Using PostgreSQL logical replication with Aurora - Amazon Aurora
Services or capabilities described in Amazon Web Services documentation might vary by Region. To see the differences applicable to the China Regions, see Getting Started with Amazon Web Services in China.

Using PostgreSQL logical replication with Aurora

PostgreSQL logical replication provides fine-grained control over replicating and synchronizing parts of a database. For example, you can use logical replication to replicate an individual table of a database.

Following, you can find information about how to work with PostgreSQL logical replication and Amazon Aurora. For more detailed information about the PostgreSQL implementation of logical replication, see Logical replication and Logical decoding concepts in the PostgreSQL documentation.

Note

Logical replication is available with Aurora PostgreSQL version 2.2.0 (compatible with PostgreSQL 10.6) and later.

Following, you can find information about how to work with PostgreSQL logical replication and Amazon Aurora.

Configuring logical replication

To use logical replication, you first set the rds.logical_replication parameter for a cluster parameter group. You then set up the publisher and subscriber.
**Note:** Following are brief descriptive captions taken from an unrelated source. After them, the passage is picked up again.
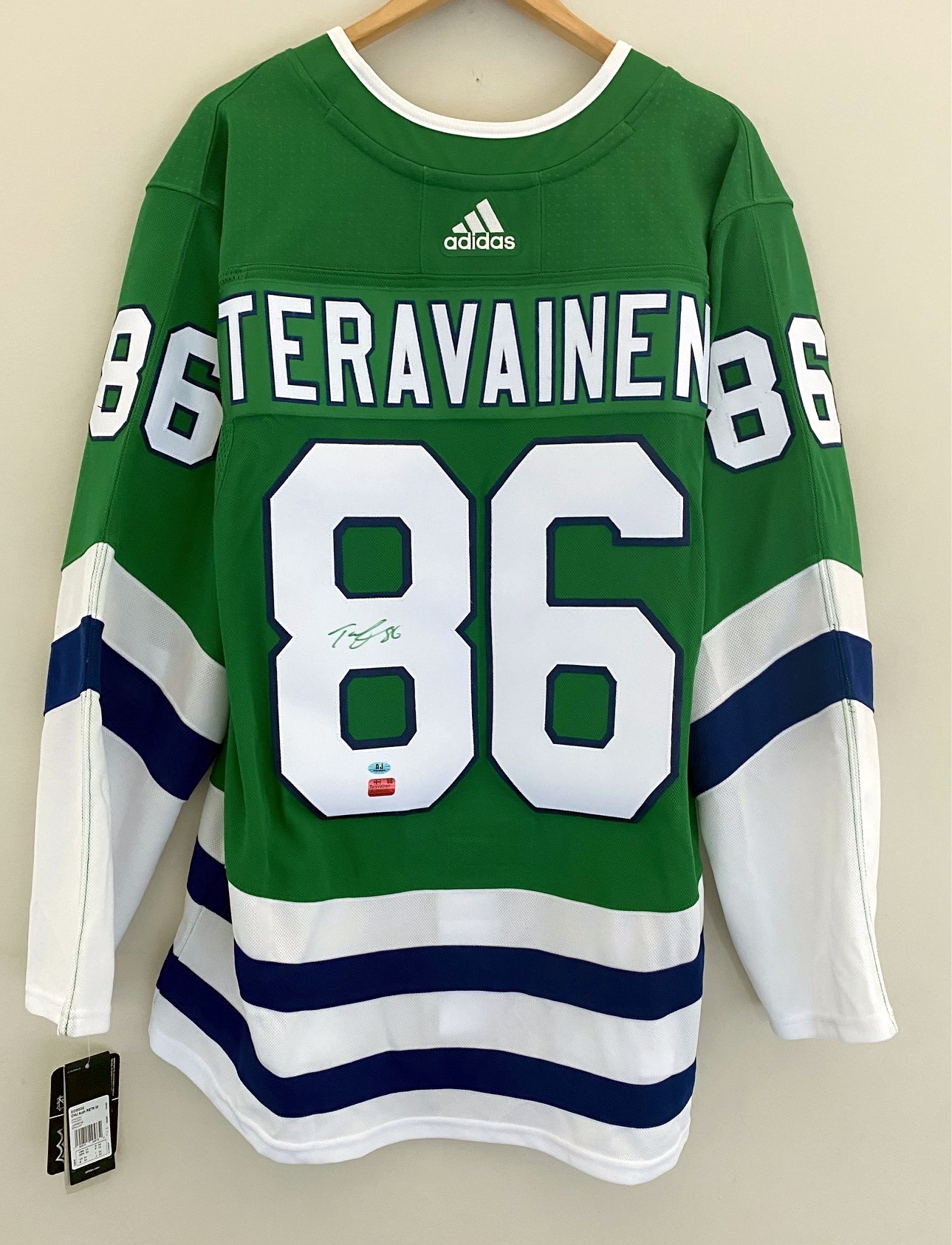 Teuvo Teravainen Carolina Signed Hartford Whalers Heritage Night Adidas Jersey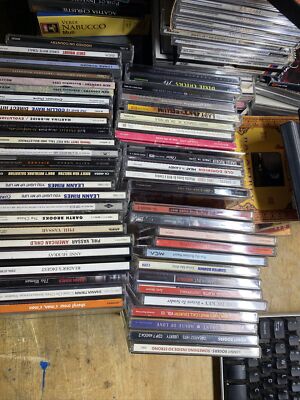 VARIETY OF COUNTRY MUSIC CDS 1975-2018 ALL IN GOOD CONDITON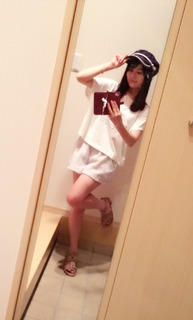 Miku Itou feet photo thumbnail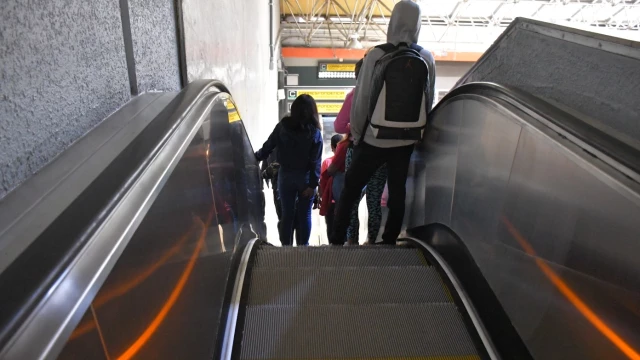 Metro CDMX estrena cinco escaleras eléctricas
Logical replication uses a publish and subscribe model. Publishers and subscribers are the nodes. A publication is a set of changes generated from one or more database tables. You specify a publication on a publisher. A subscription defines the connection to another database and one or more publications to which it subscribes. You specify a subscription on a subscriber. The publication and subscription make the connection between the publisher and subscriber. The replication process uses a replication slot to track the progress of a subscription.

Note

Following are requirements for logical replication:

  • To set up logical replication, you need to have rds_superuser permissions.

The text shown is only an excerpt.